::: THE RECORDS

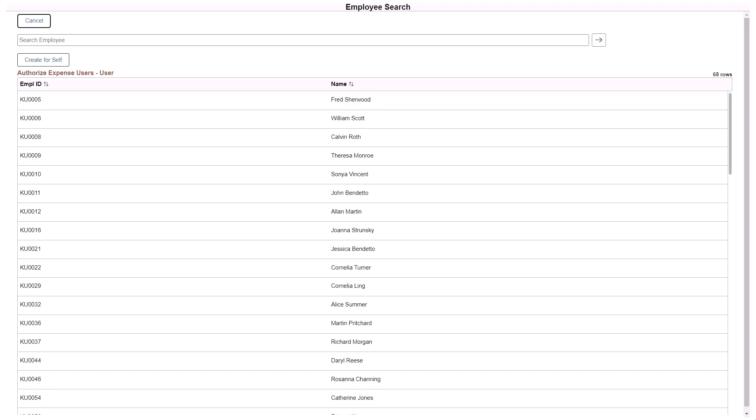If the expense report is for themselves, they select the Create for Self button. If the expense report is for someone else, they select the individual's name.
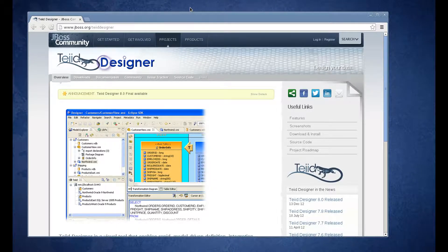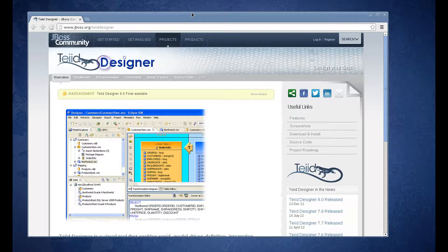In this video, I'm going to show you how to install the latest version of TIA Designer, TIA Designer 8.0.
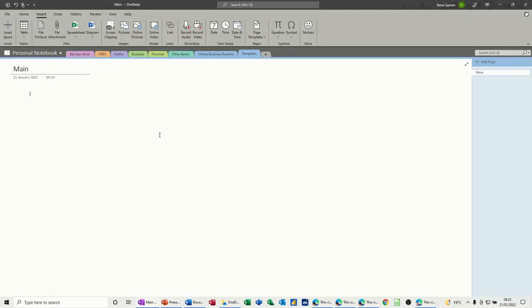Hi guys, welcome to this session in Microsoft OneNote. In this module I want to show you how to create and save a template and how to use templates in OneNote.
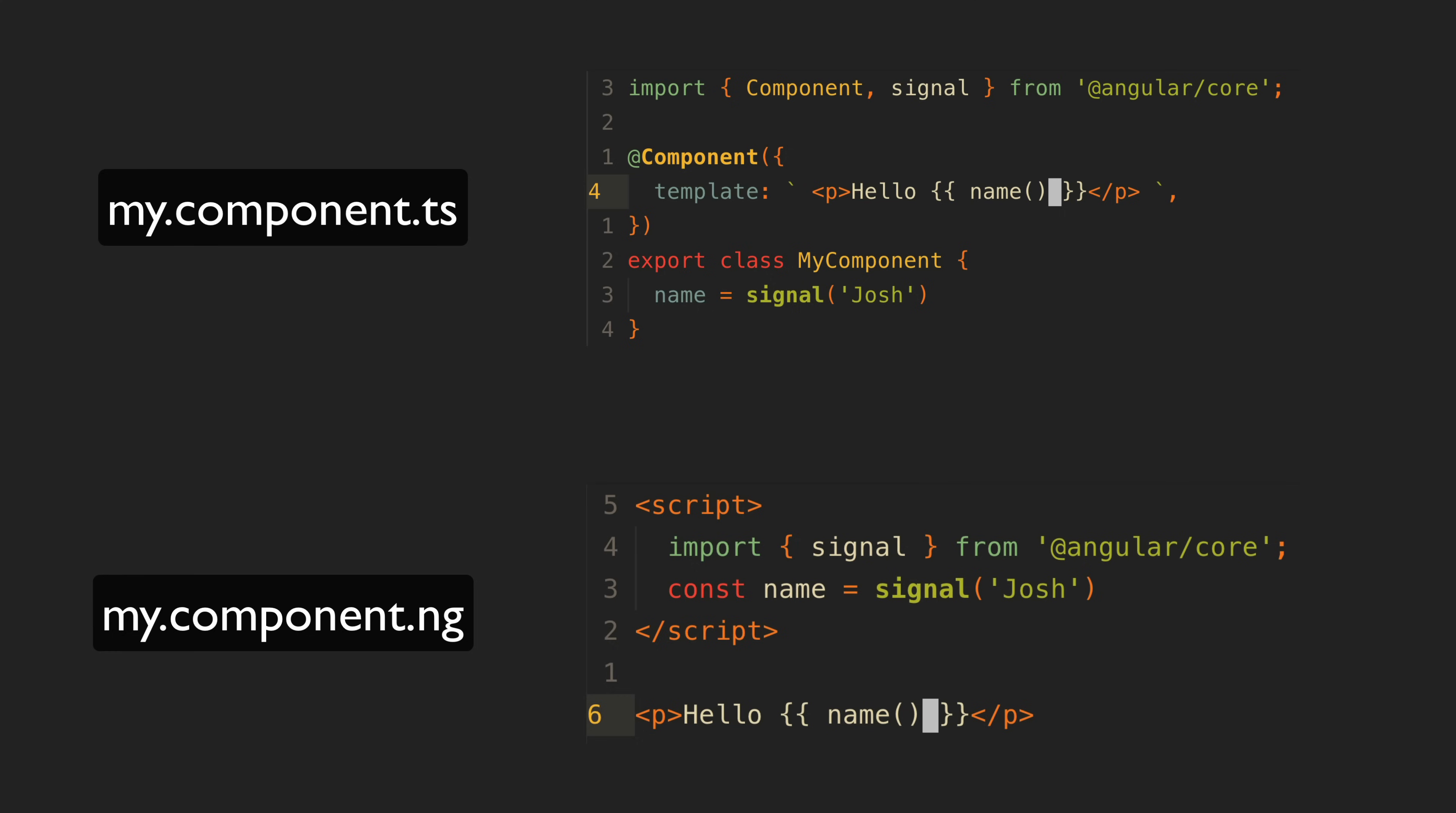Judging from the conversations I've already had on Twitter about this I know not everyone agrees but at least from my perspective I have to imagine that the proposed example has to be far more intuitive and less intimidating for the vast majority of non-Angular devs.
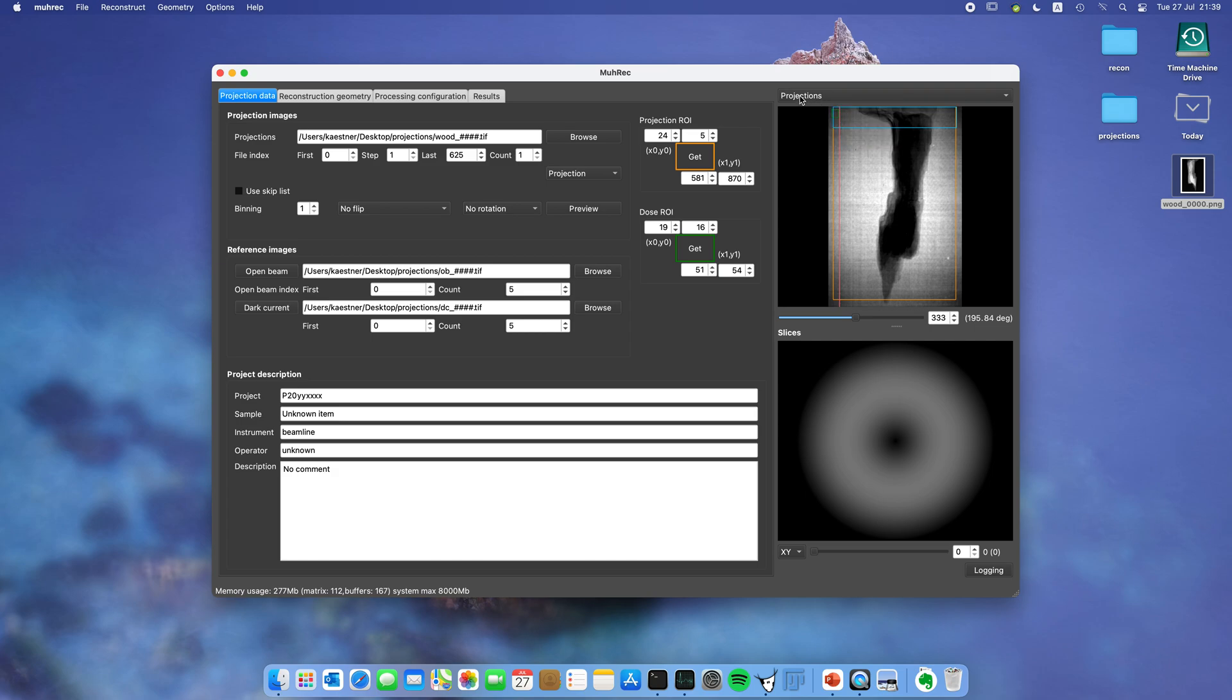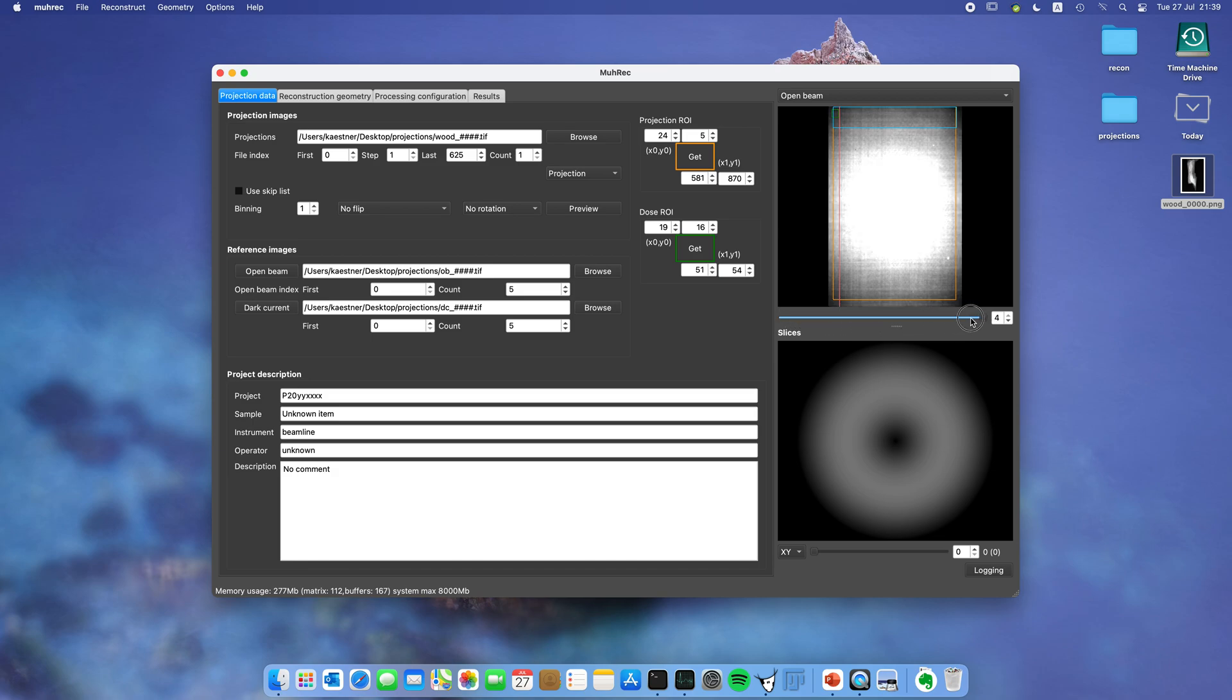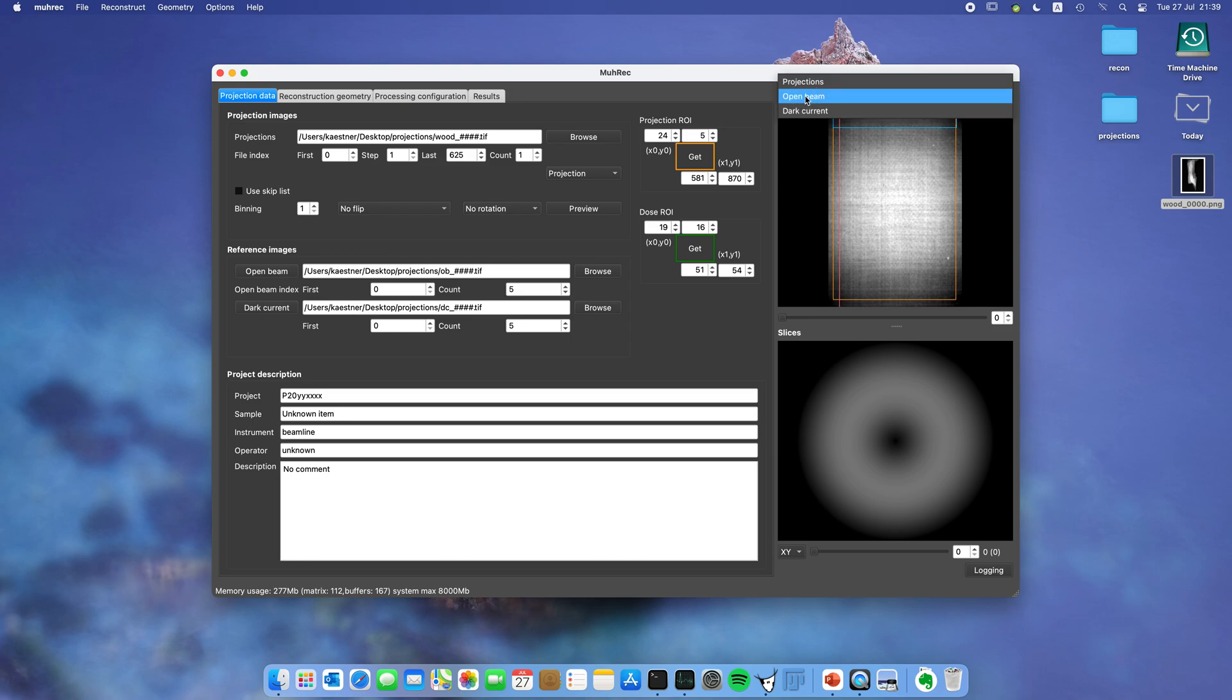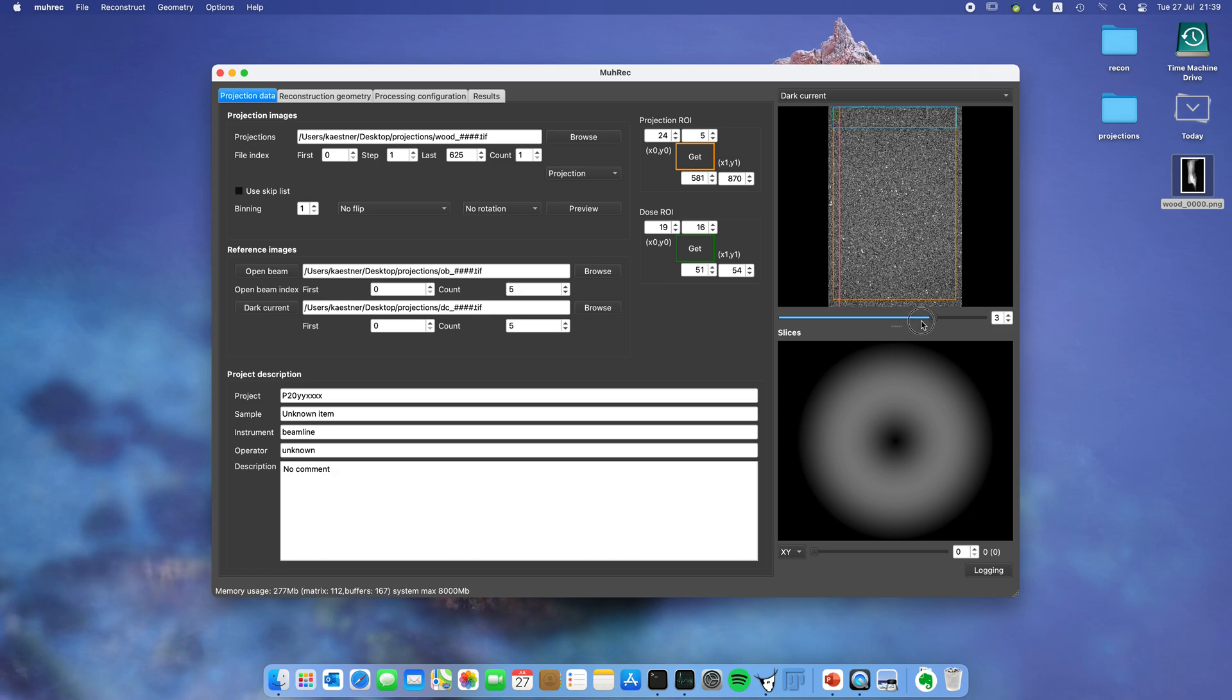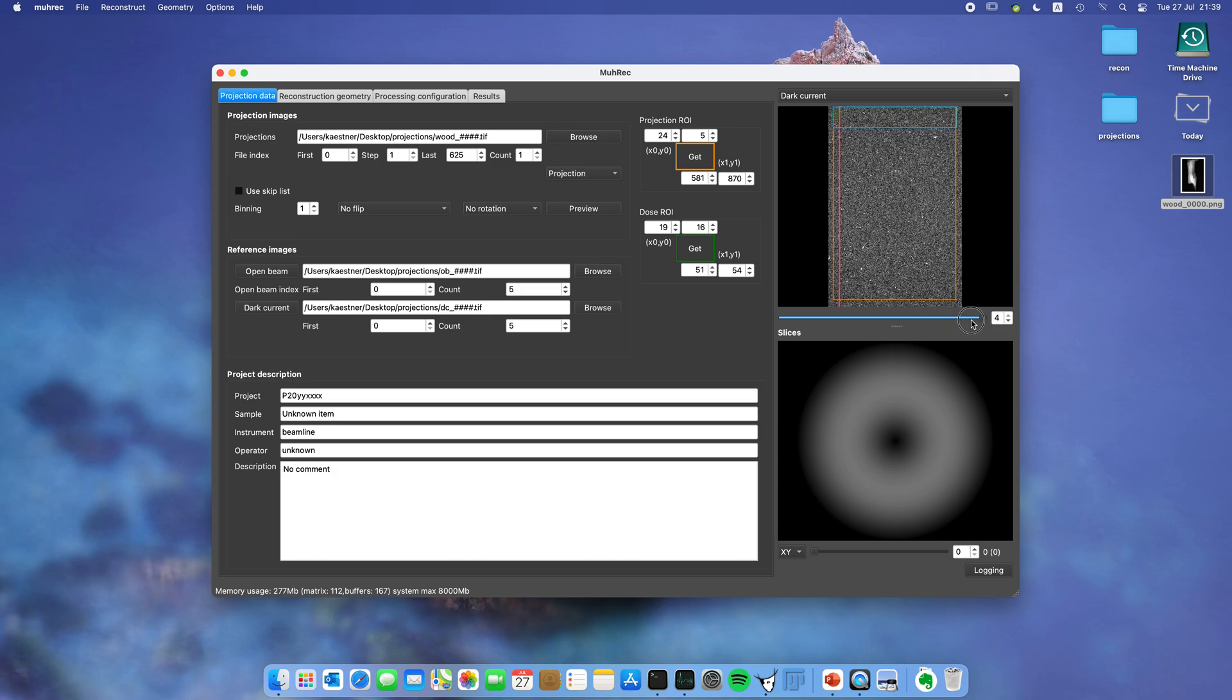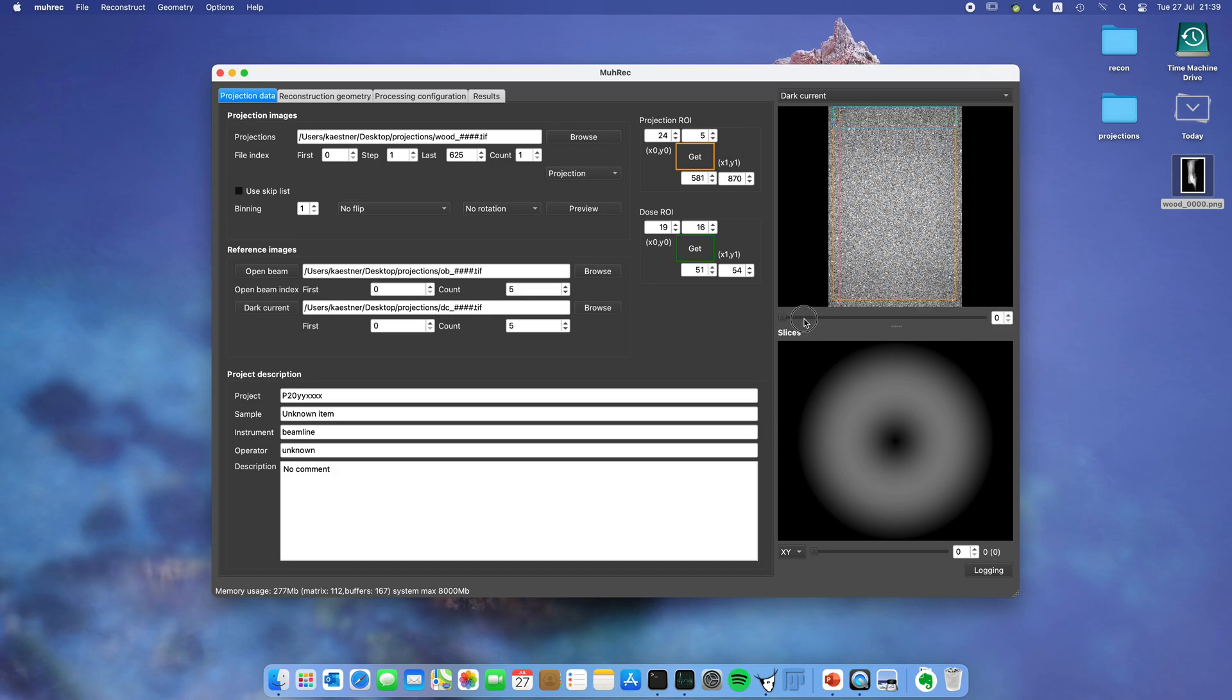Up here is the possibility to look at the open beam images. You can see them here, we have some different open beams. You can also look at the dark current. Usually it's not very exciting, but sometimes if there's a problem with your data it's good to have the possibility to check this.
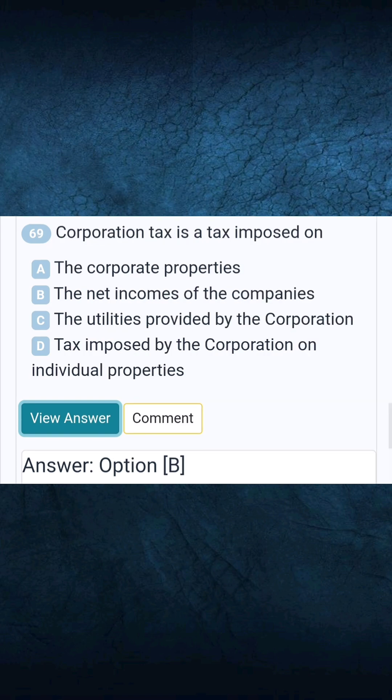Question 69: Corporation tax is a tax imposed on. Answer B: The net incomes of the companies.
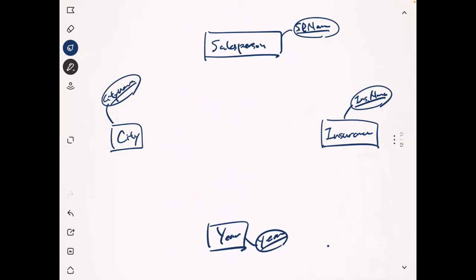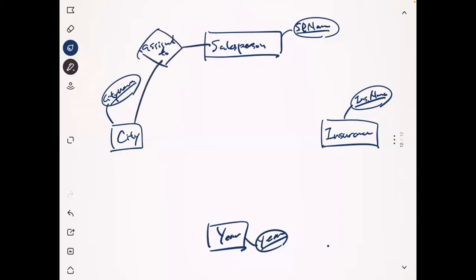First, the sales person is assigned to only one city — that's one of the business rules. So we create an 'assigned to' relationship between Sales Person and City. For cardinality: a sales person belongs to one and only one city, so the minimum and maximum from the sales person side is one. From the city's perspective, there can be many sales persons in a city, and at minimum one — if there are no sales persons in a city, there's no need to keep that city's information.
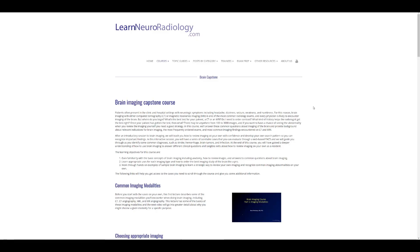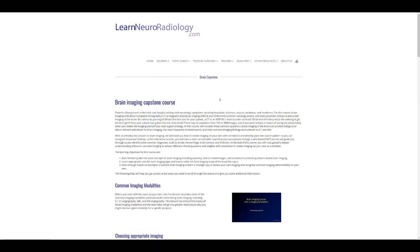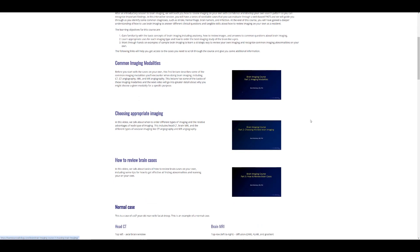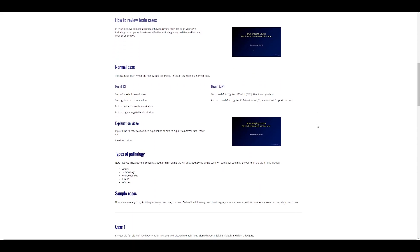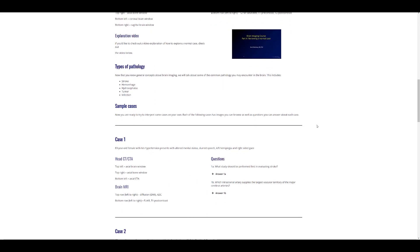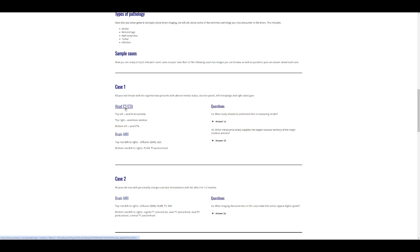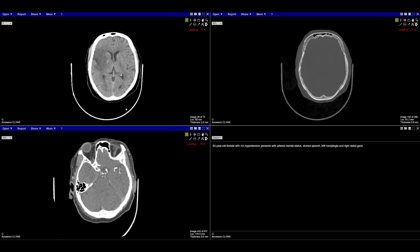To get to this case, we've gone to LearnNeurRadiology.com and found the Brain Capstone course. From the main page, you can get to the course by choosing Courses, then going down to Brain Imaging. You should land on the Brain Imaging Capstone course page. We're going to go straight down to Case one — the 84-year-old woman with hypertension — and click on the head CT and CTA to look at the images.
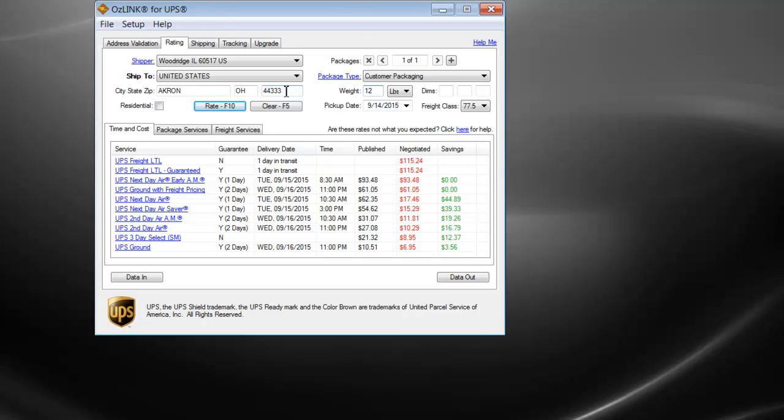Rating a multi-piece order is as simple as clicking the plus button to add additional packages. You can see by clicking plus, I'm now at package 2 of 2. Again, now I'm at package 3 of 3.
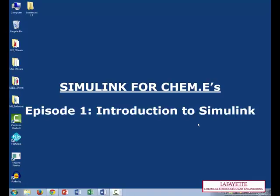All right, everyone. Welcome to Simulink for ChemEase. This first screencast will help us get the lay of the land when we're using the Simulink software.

::::::

BRIEF:
Repeat the data word for word; drop the pictures.

RESPONSE FOR THIS EXERCISE:
If the expense report is for themselves, they select the Create for Self button. If the expense report is for someone else, they select the individual's name.
In this video, I'm going to show you how to install the latest version of TIA Designer, TIA Designer 8.0.
Hi guys, welcome to this session in Microsoft OneNote. In this module I want to show you how to create and save a template and how to use templates in OneNote.
Judging from the conversations I've already had on Twitter about this I know not everyone agrees but at least from my perspective I have to imagine that the proposed example has to be far more intuitive and less intimidating for the vast majority of non-Angular devs.
Up here is the possibility to look at the open beam images. You can see them here, we have some different open beams. You can also look at the dark current. Usually it's not very exciting, but sometimes if there's a problem with your data it's good to have the possibility to check this.
Question 69: Corporation tax is a tax imposed on. Answer B: The net incomes of the companies.
First, the sales person is assigned to only one city — that's one of the business rules. So we create an 'assigned to' relationship between Sales Person and City. For cardinality: a sales person belongs to one and only one city, so the minimum and maximum from the sales person side is one. From the city's perspective, there can be many sales persons in a city, and at minimum one — if there are no sales persons in a city, there's no need to keep that city's information.
To get to this case, we've gone to LearnNeurRadiology.com and found the Brain Capstone course. From the main page, you can get to the course by choosing Courses, then going down to Brain Imaging. You should land on the Brain Imaging Capstone course page. We're going to go straight down to Case one — the 84-year-old woman with hypertension — and click on the head CT and CTA to look at the images.
Rating a multi-piece order is as simple as clicking the plus button to add additional packages. You can see by clicking plus, I'm now at package 2 of 2. Again, now I'm at package 3 of 3.
All right, everyone. Welcome to Simulink for ChemEase. This first screencast will help us get the lay of the land when we're using the Simulink software.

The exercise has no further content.